### Information shown
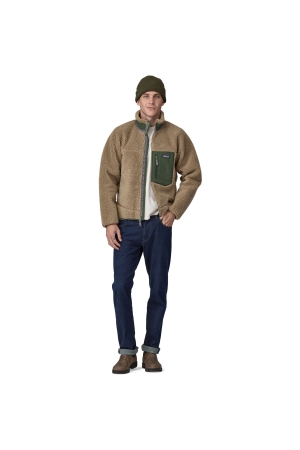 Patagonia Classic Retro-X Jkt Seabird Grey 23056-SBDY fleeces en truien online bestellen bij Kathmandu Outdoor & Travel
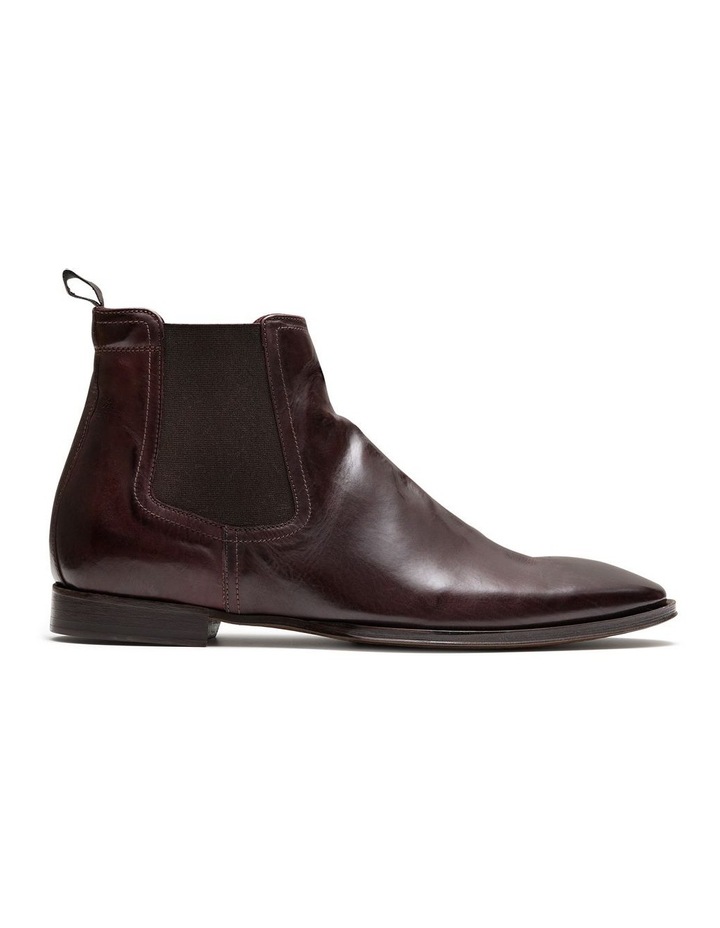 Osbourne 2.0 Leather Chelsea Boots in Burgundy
...
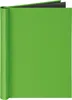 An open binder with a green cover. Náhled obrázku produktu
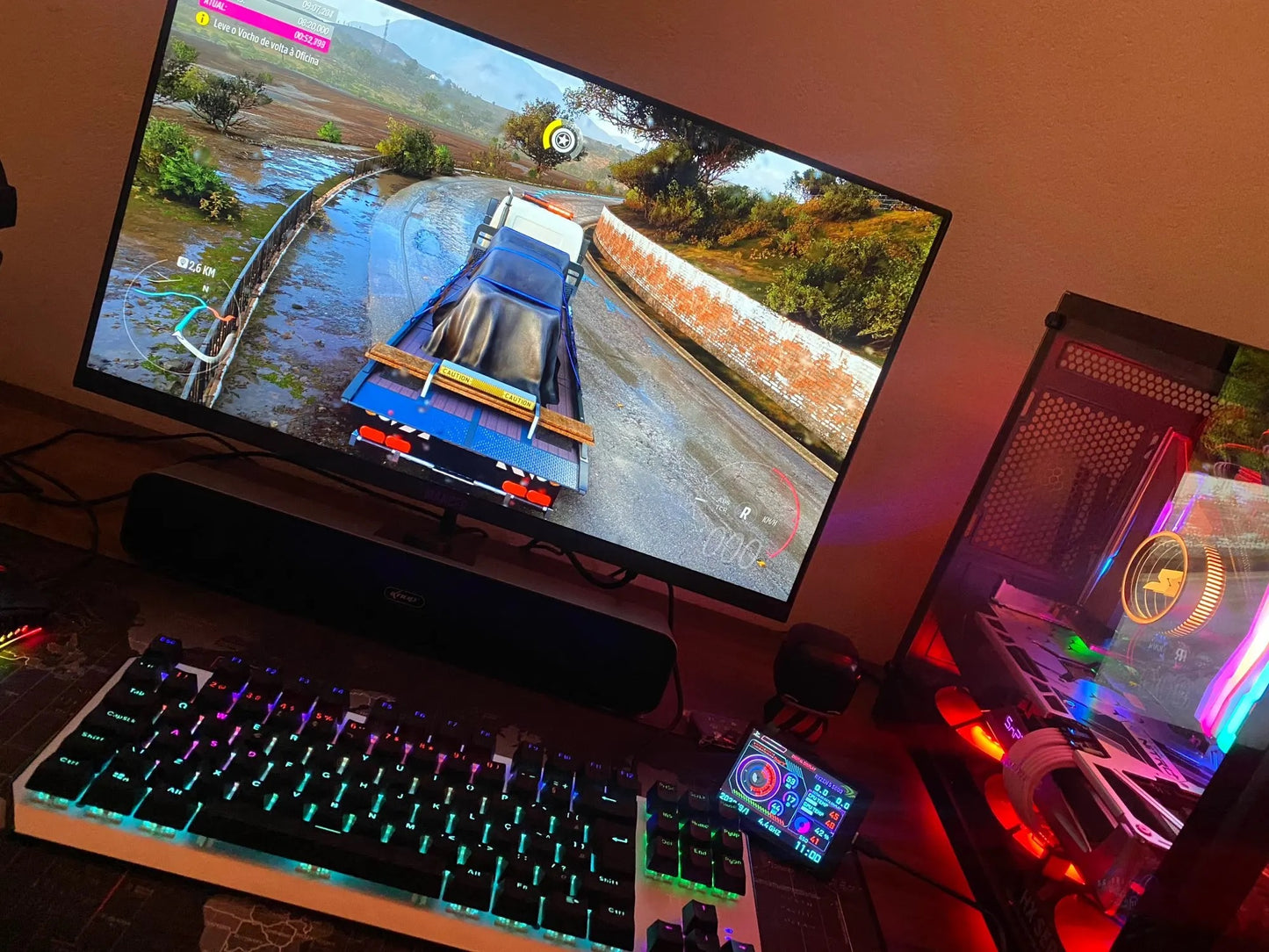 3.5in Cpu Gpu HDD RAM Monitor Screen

### What is needed
Here the job is to copy the stretch of records from the line containing "Patagonia Classic Retro-X" through the line containing "Osbourne 2.0 Leather", word for word. Leave every picture out.

### Solution
 Patagonia Classic Retro-X Jkt Seabird Grey 23056-SBDY fleeces en truien online bestellen bij Kathmandu Outdoor & Travel
 Osbourne 2.0 Leather Chelsea Boots in Burgundy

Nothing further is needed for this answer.